When it reveals a new insight, like this one, we appreciate it even more.
[DISCLAIMER: The publisher and his professional partner just this afternoon completed a delightful 24-hour, two-child babysitting engagement for a young professional couple on holiday on a Bourbon Trail tour in Frankfurt, KY. Said publisher received an honorarium of a bottle of just the sort of thing that one would expect, and has subjected it to routine inspection. Therefore, the publisher reserves the right to withdraw this and all such Comments in the clear light of day, tomorrow].
On those rare occasions when someone describes my writing as “clear”, I presume they’re not thinking clearly…

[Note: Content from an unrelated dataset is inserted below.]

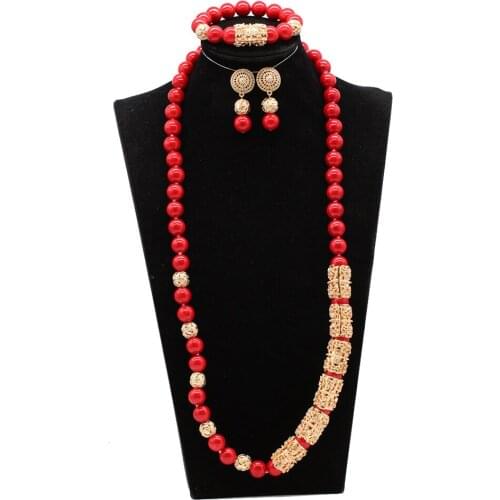 Red Blue Green Bridal Jewelry Sets Nigerian Wedding Costume African Crystal Beads Jewelry Set Stone Single Row Free Shipping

Au contraire, Pierre. I distinctly remember multiple past occasions when I was thinking clearly, and on a number of those, I was reading one of your articles at the same time.
Clarity of thinking and clarity of expression have fallen into disrepute, and I do not wish to argue the point right now. But no one can doubt that they are distinctive markers of the stuff you deliver to us.
Life in Massachusetts. :) :)
As an escapee from Connecticut, I endorse this opinion.
There is a line in Frank Herbert’s Dune, Fear is the mind killer. I won’t put quotes around it since I am not sure it that is exactly the line. It has been about 40 years since I read the book. However, the essence of the line is definitely there.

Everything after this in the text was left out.